**Task description**.
Since the pictures are not wanted, copy only the text of every record exactly.
───── Task input
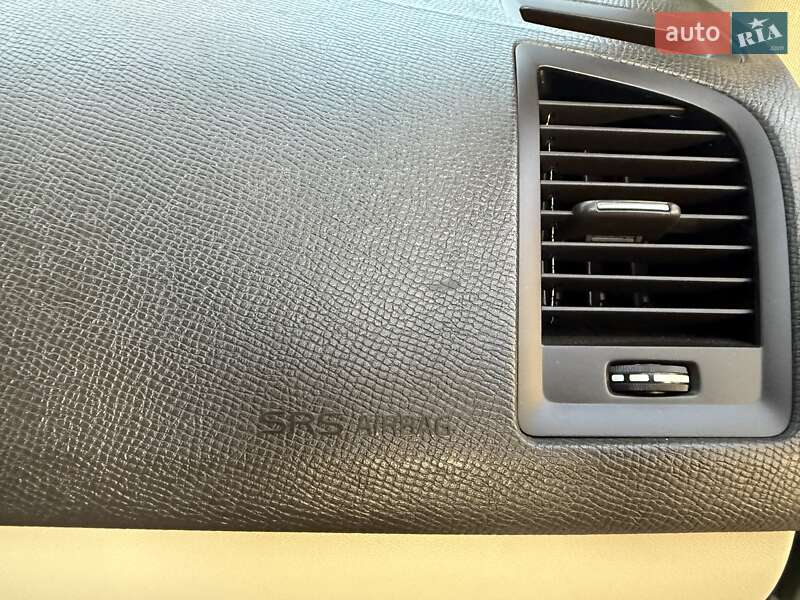 Внедорожник / Кроссовер Volvo XC60 2012 в Киеве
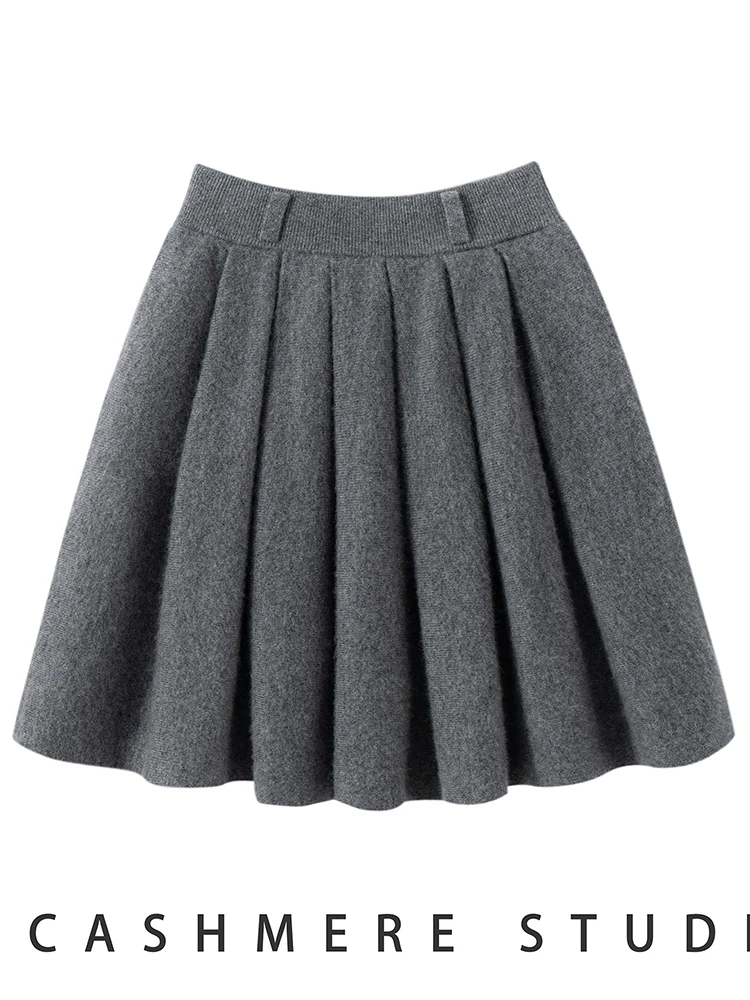 TLOMLWomen's A-line Pleated Skirt 100% Cashmere Knit Mini Skirt Autumn Winter Preppy Style Above Knee Skirt Cashmere Knitwear
TLOMLWomen's A-line Pleated Skirt 100% Cashmere Knit Mini Skirt Autumn Winter Preppy Style Above Knee Skirt Cashmere Knitwear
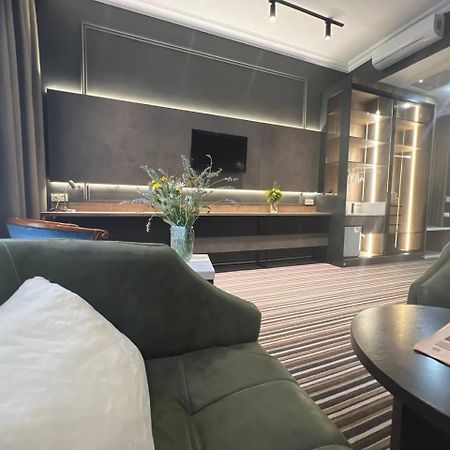 Sapar Standart Hotel Szymkent Zewnętrze zdjęcie
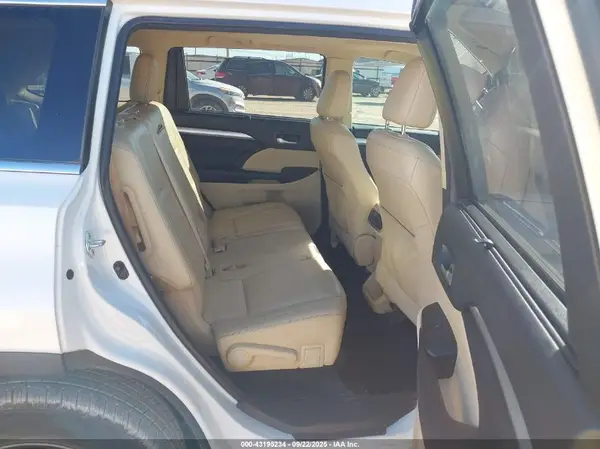 5TDKKRFHXGS503773 2016 TOYOTA HIGHLANDER - Image 8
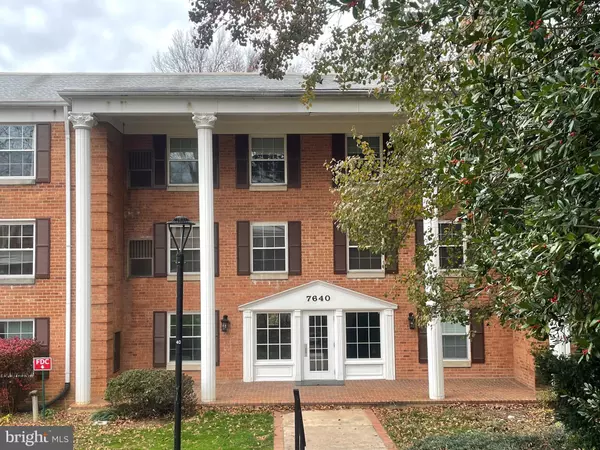 7640 PROVINCIAL DR #204, Mclean, VA 22102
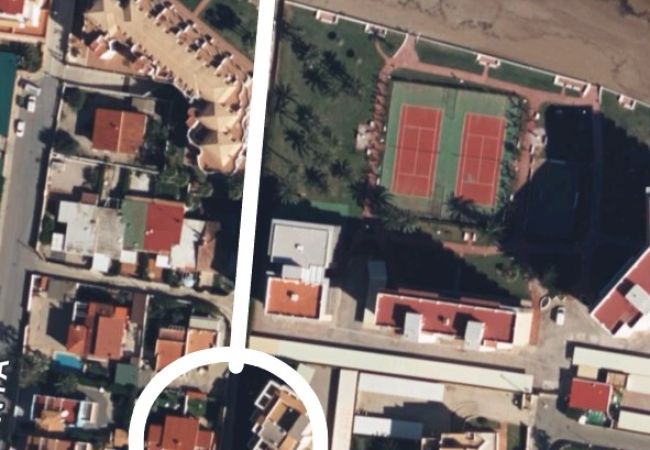 Appartement à Denia - A 50 metros de la playa de Las Marinas -El Faro Appartement à Denia - A 50 metros de la playa de Las Marinas -El Faro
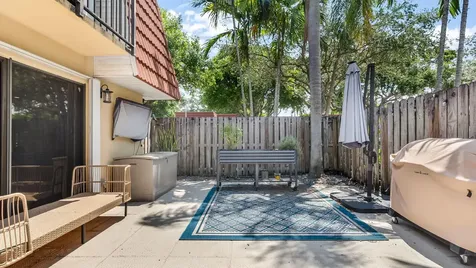 725 NW 99th Circle Plantation FL 33324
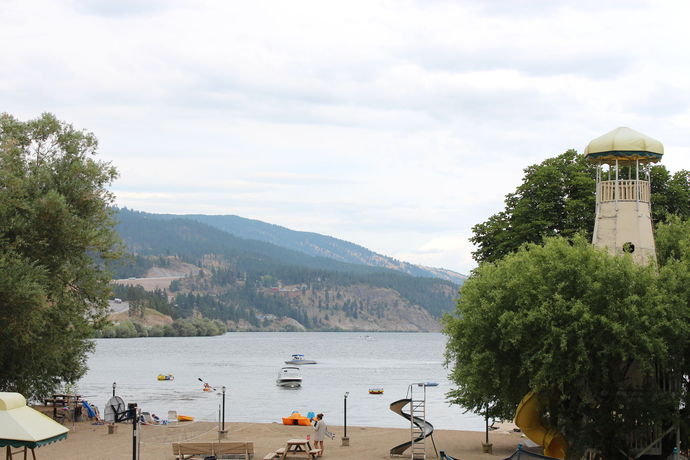 Imagen de los exteriores del Motel Kokanee Beach Resort. Foto 15
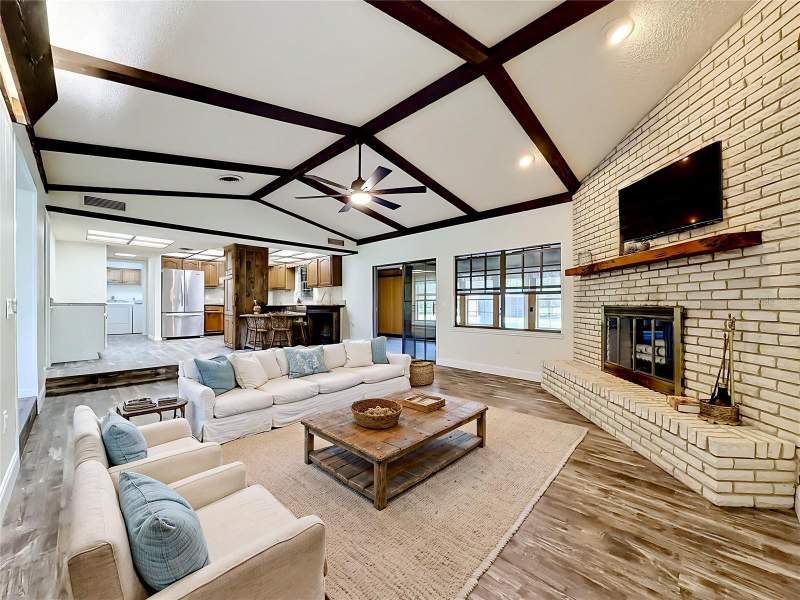 3 bedroom Single Family Residence at 900 NE 165th Street, Citra, Citra — photo 4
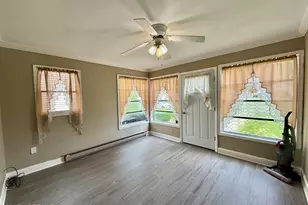 93 Halls Croft Rd, Freehold, NJ 07728 - Photo 8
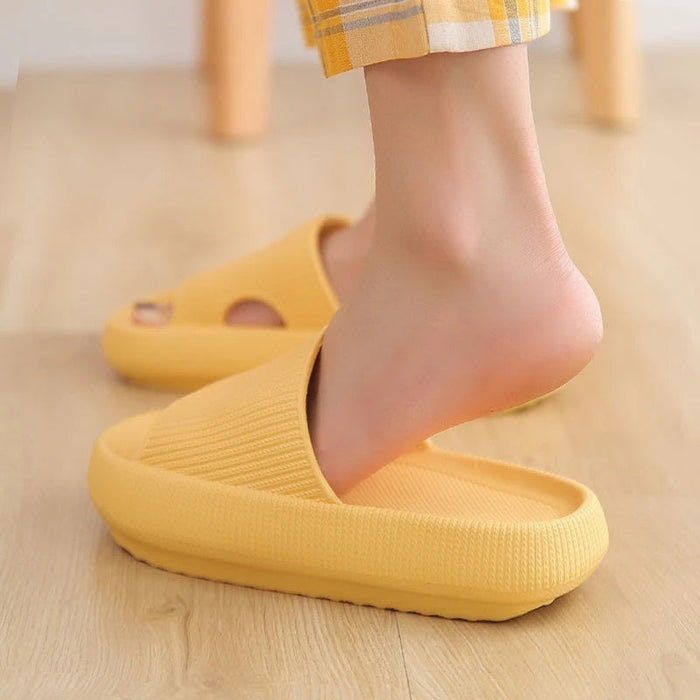 Chinelo Nuvem Comfort Yogui – detalhe da palmilha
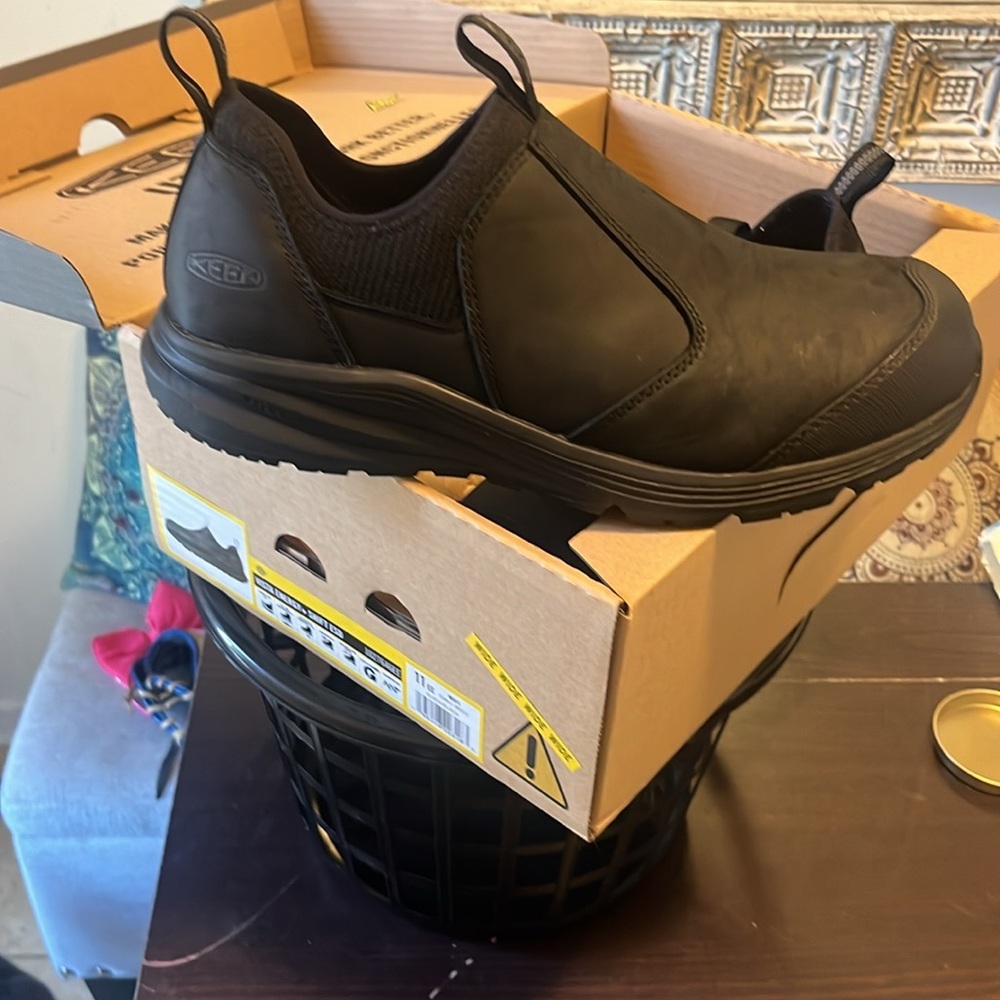 Men’s size 11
──────────
**Response to this task**.
 Внедорожник / Кроссовер Volvo XC60 2012 в Киеве
 TLOMLWomen's A-line Pleated Skirt 100% Cashmere Knit Mini Skirt Autumn Winter Preppy Style Above Knee Skirt Cashmere Knitwear
TLOMLWomen's A-line Pleated Skirt 100% Cashmere Knit Mini Skirt Autumn Winter Preppy Style Above Knee Skirt Cashmere Knitwear
 Sapar Standart Hotel Szymkent Zewnętrze zdjęcie
 5TDKKRFHXGS503773 2016 TOYOTA HIGHLANDER - Image 8
 7640 PROVINCIAL DR #204, Mclean, VA 22102
 Appartement à Denia - A 50 metros de la playa de Las Marinas -El Faro Appartement à Denia - A 50 metros de la playa de Las Marinas -El Faro
 725 NW 99th Circle Plantation FL 33324
 Imagen de los exteriores del Motel Kokanee Beach Resort. Foto 15
 3 bedroom Single Family Residence at 900 NE 165th Street, Citra, Citra — photo 4
 93 Halls Croft Rd, Freehold, NJ 07728 - Photo 8
 Chinelo Nuvem Comfort Yogui – detalhe da palmilha
 Men’s size 11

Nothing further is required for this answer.